3.   sich an genealogischer Arbeit beteiligen

  • Die Mitglieder sollen ihre verstorbenen Vorfahren ausfindig machen, bei Bedarf die heiligen Handlungen des Tempels beantragen und, sofern möglich, diese stellvertretend vollziehen. Für den Anfang sollen die Mitglieder versuchen, vier Generationen ihrer Vorfahren ausfindig zu machen.
  • Die Mitglieder sind in erster Linie für ihre verstorbenen Angehörigen verantwortlich. Sie können nach Verwandtschaftsverhältnissen forschen, die in Blutsverwandtschaft, einer Adoption oder einer Siegelung begründet sind. Sie können für die Tempelarbeit auch Namen von Menschen einreichen, mit denen sie wahrscheinlich verwandt sind, auch wenn sich dies wegen mangelhafter Unterlagen nicht beweisen lässt; das ist beispielsweise der Fall, wenn die Betreffenden denselben Familiennamen führten und in derselben Gegend wohnten wie bereits bekannte Vorfahren.
  • Die Mitglieder müssen auf die Gefühle von nahen Angehörigen Rücksicht nehmen, wenn sie den Namen eines verstorbenen Verwandten einreichen. Wenn ein Mitglied die Tempelarbeit für einen Verstorbenen erledigen möchte, der innerhalb der letzten 95 Jahre geboren wurde, muss es bei dessen nächstem noch lebenden Verwandten eine Erlaubnis dazu einholen.
  • Den Namen einer Person, mit der man nicht verwandt ist, darf man nur mit Erlaubnis des nächsten noch lebenden Verwandten einreichen.
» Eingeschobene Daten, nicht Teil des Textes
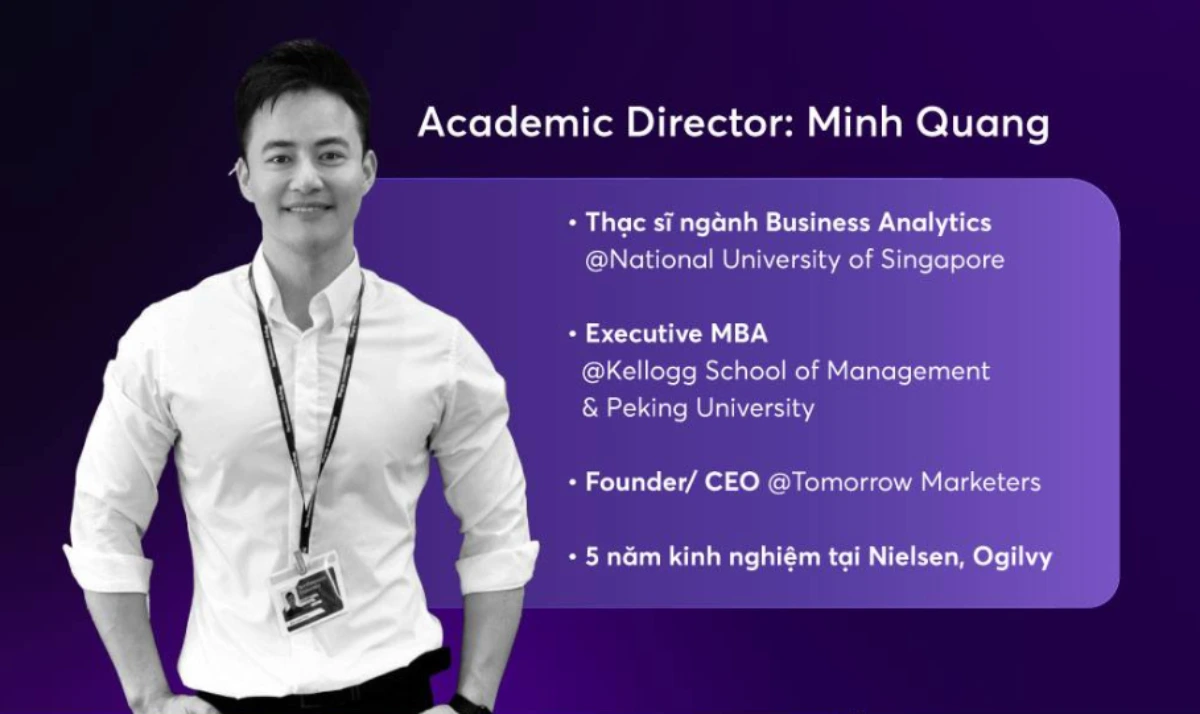 Case study Phạm Minh Quang – Phân tích funnel giáo dục marketer dựa trên cộng đồng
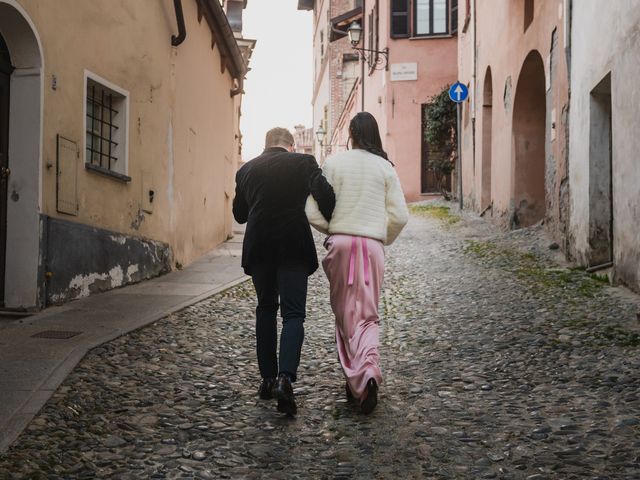 Il matrimonio di Giuliano e Alice a Saluzzo, Cuneo 76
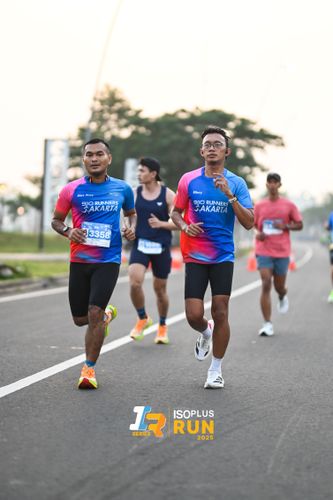 Race photo from ISOPLUS RUN 2025 - JAKARTA
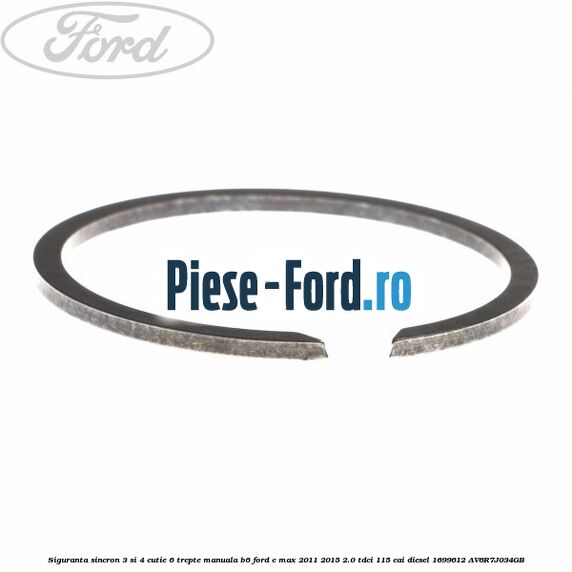 Siguranta rulment priza directa cutie 6 trepte Ford C-Max 2011-2015 2.0 TDCi 115 cai diesel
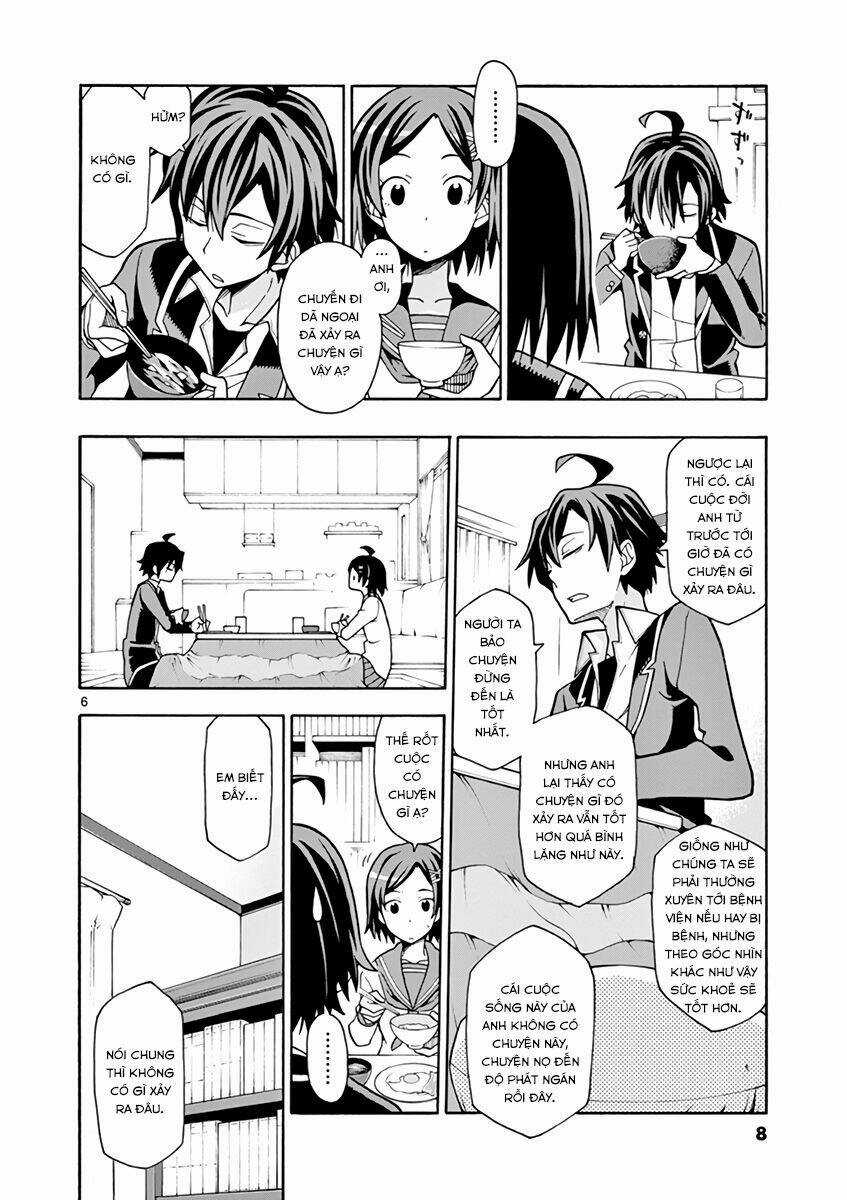 Yahari Ore No Seishun Rabukome Wa Machigatte Iru Chapter 54 trang 4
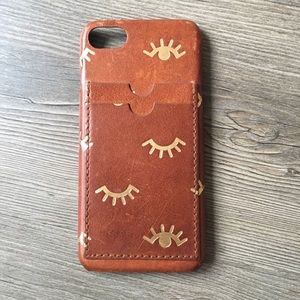 Iphone 7/8 case with card slots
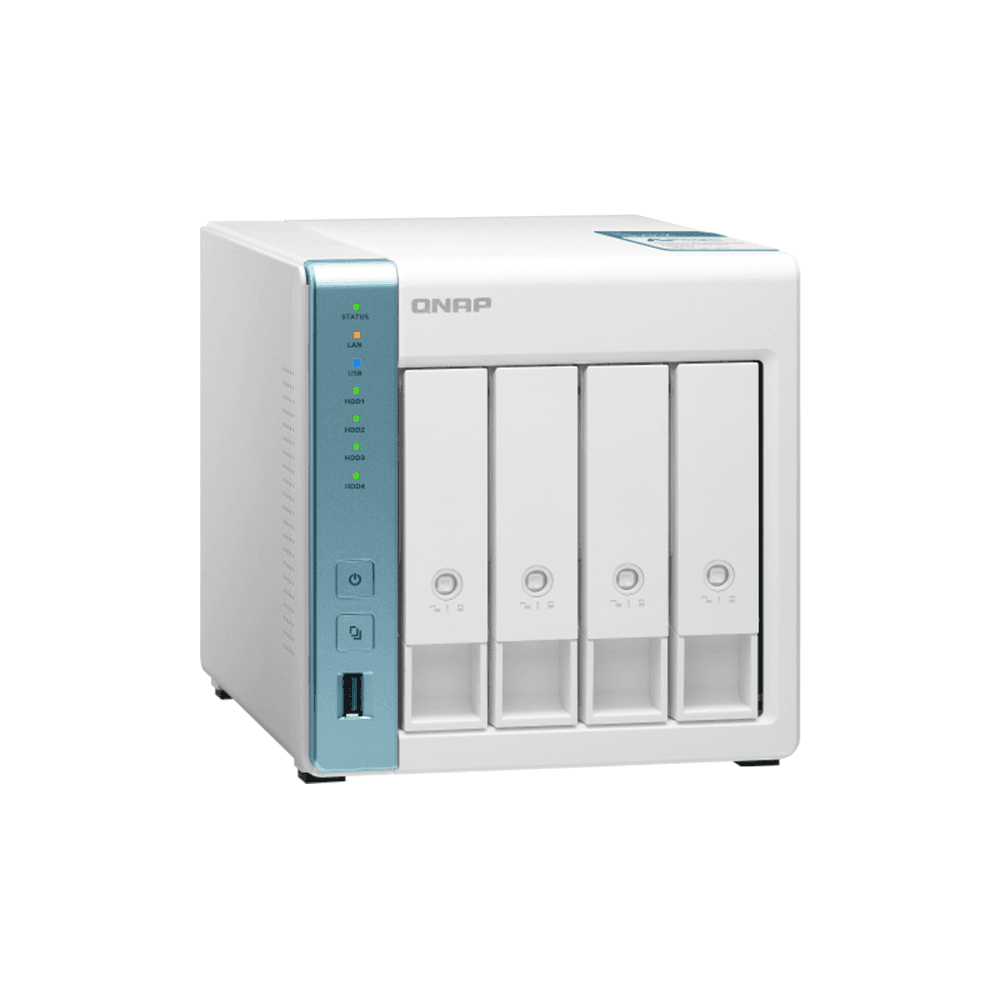 QNAP TS-431K 4 Bay Home NAS with Two 1GbE Ports – Diskless ارسال از 20 روز کاری
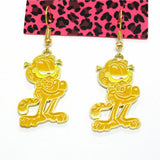 Garfield and Odie Cartoon Earrings (Available in 3 Styles)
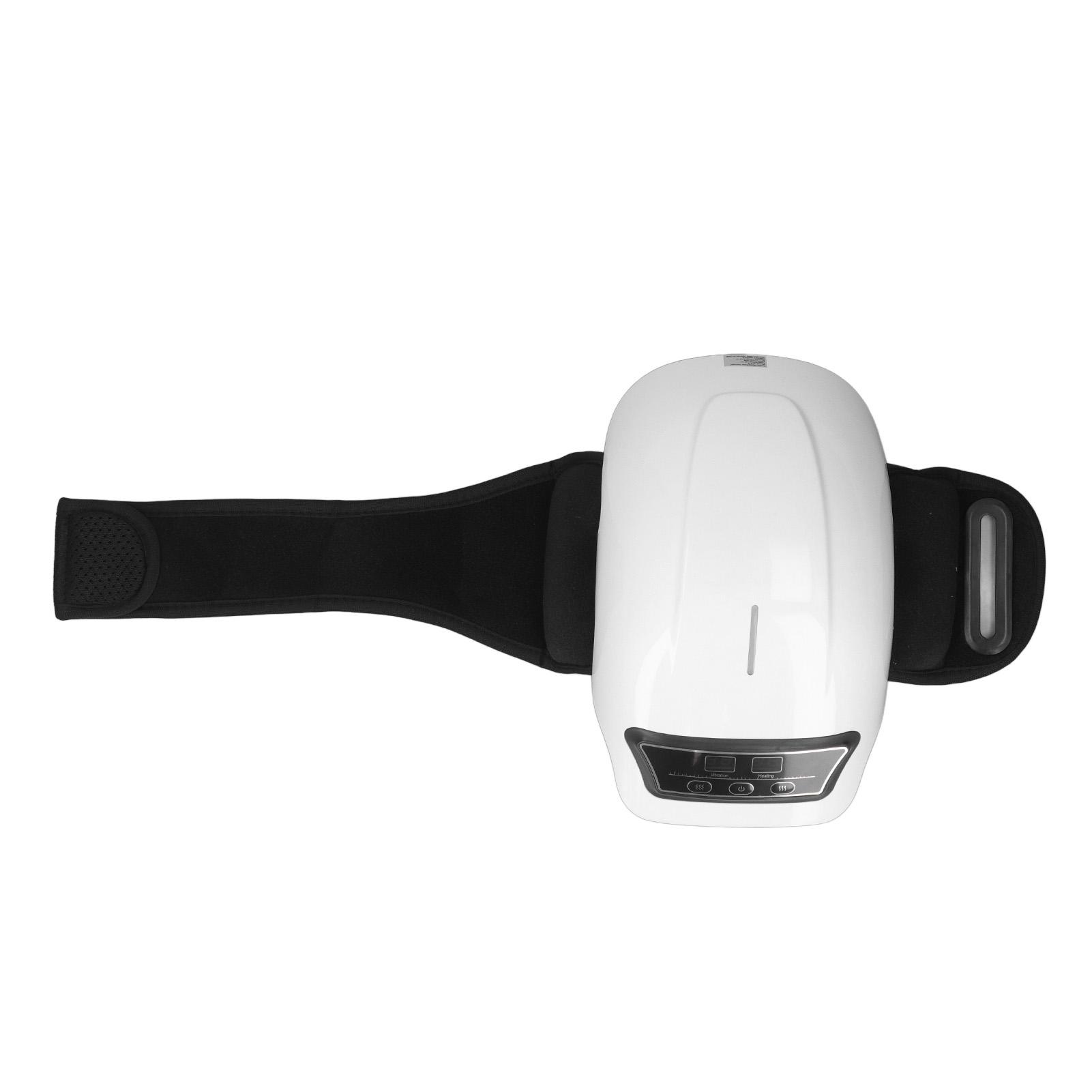 Беспроводной массажер для коленей с инфракрасным нагревом, вибрацией, светодиодным сенсорным экраном, снятием скованности, массажем суставов
Беспроводной массажер для коленей с инфракрасным нагревом, вибрацией, светодиодным сенсорным экраном, снятием скованности, массажем суставов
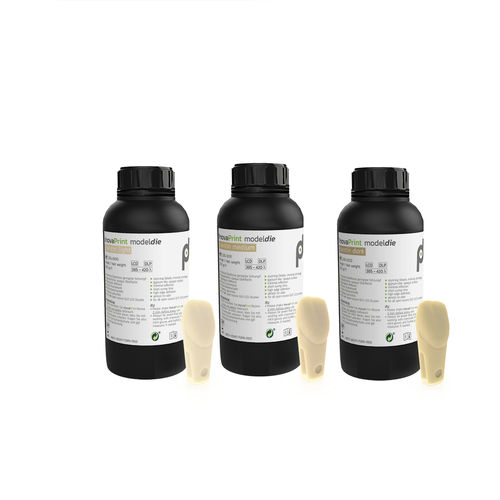 Стоматологический материал из полимера - InovaPrint modeldie - HPdent GmbH - для 3D-печати / для моделирования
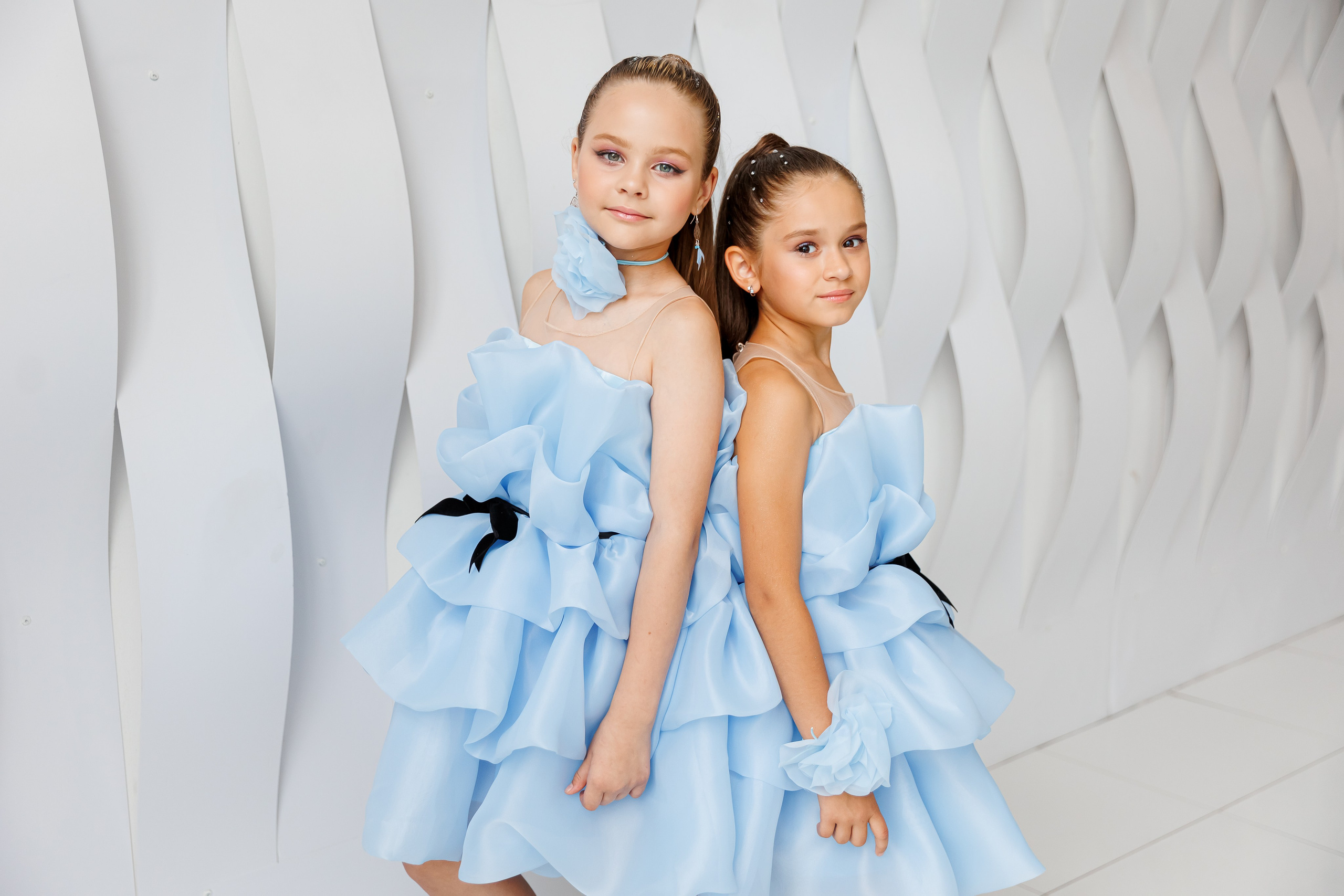 Студийная съёмка для вокальной студии «Звёздочка». Семейный и детский фотограф Комина Елена, Власиха, Одинцово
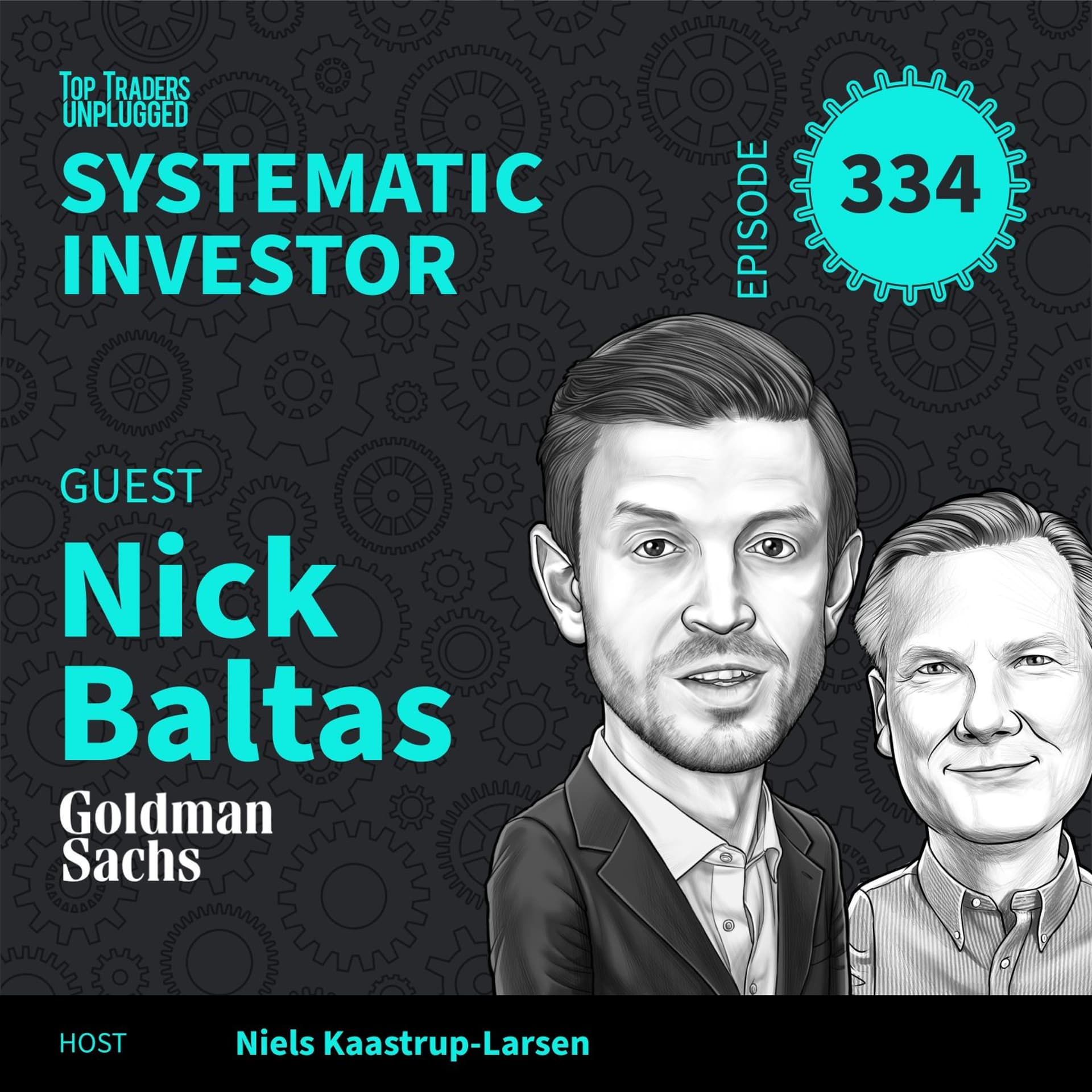 SI334: Why Quants Might Be Your Best Bet ft. Nick Baltas - TopTradersUnplugged.com cover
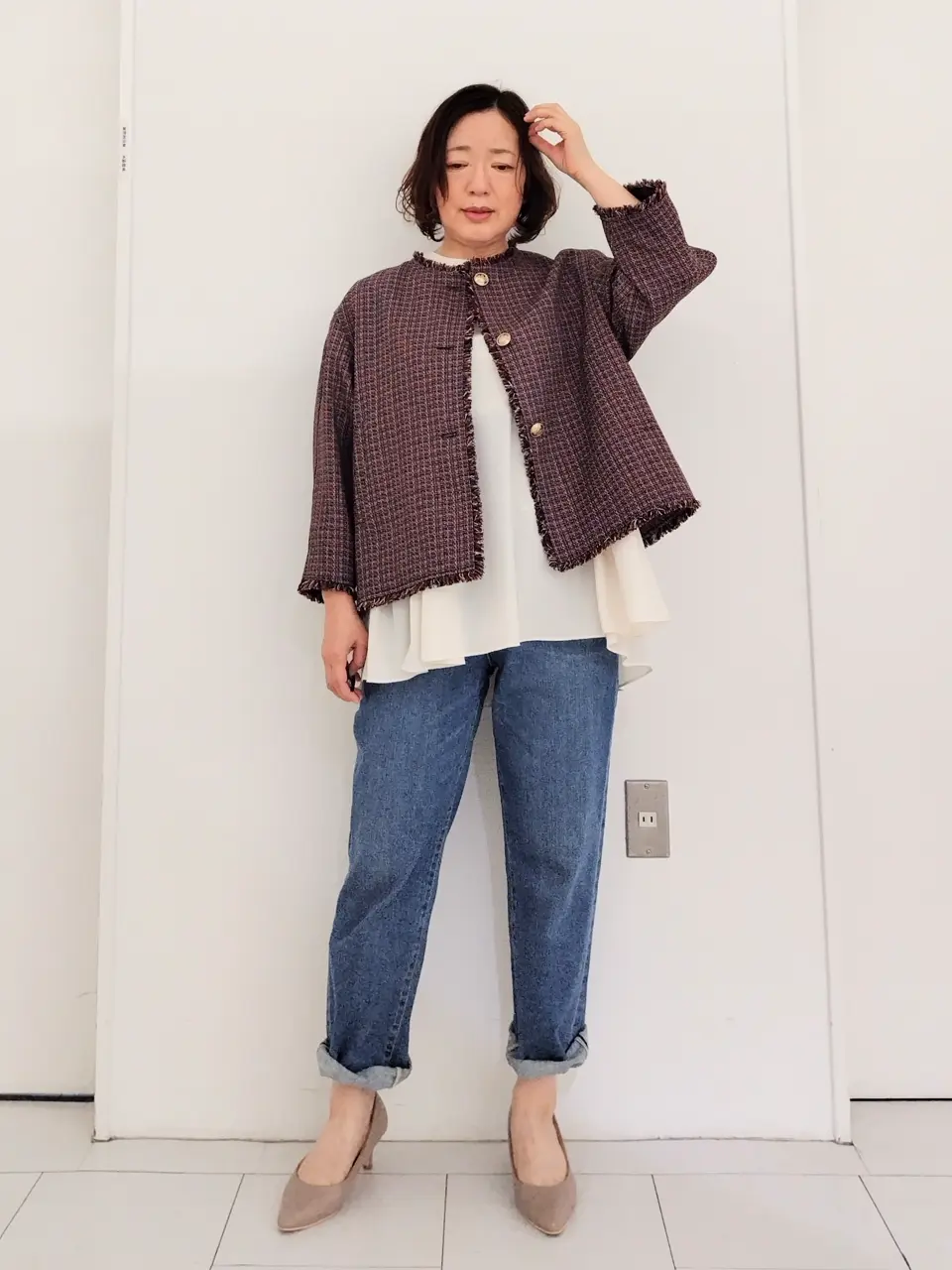 23区 L ナオミ コーディネート画像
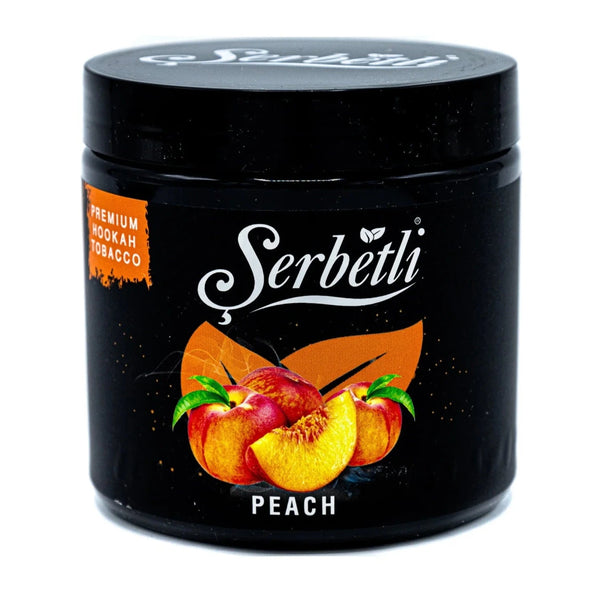 Serbetli Peach Hookah Shisha Tobacco -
Namen von Prominenten oder bekannten Persönlichkeiten und Namen, die in nicht genehmigten Urkundenauswertungsprojekten zusammengetragen wurden, beispielsweise von jüdischen Holocaust-Opfern, dürfen nicht eingereicht werden.

Näheres zur Tempelarbeit und zur genealogischen Arbeit entnehmen Sie bitte dem Handbuch Anweisungen der Kirche, Buch 2, Führungskräfte des Priestertums und der Hilfsorganisationen, Abschnitt 9: Tempelarbeit und Genealogie (Ausgabe 2006).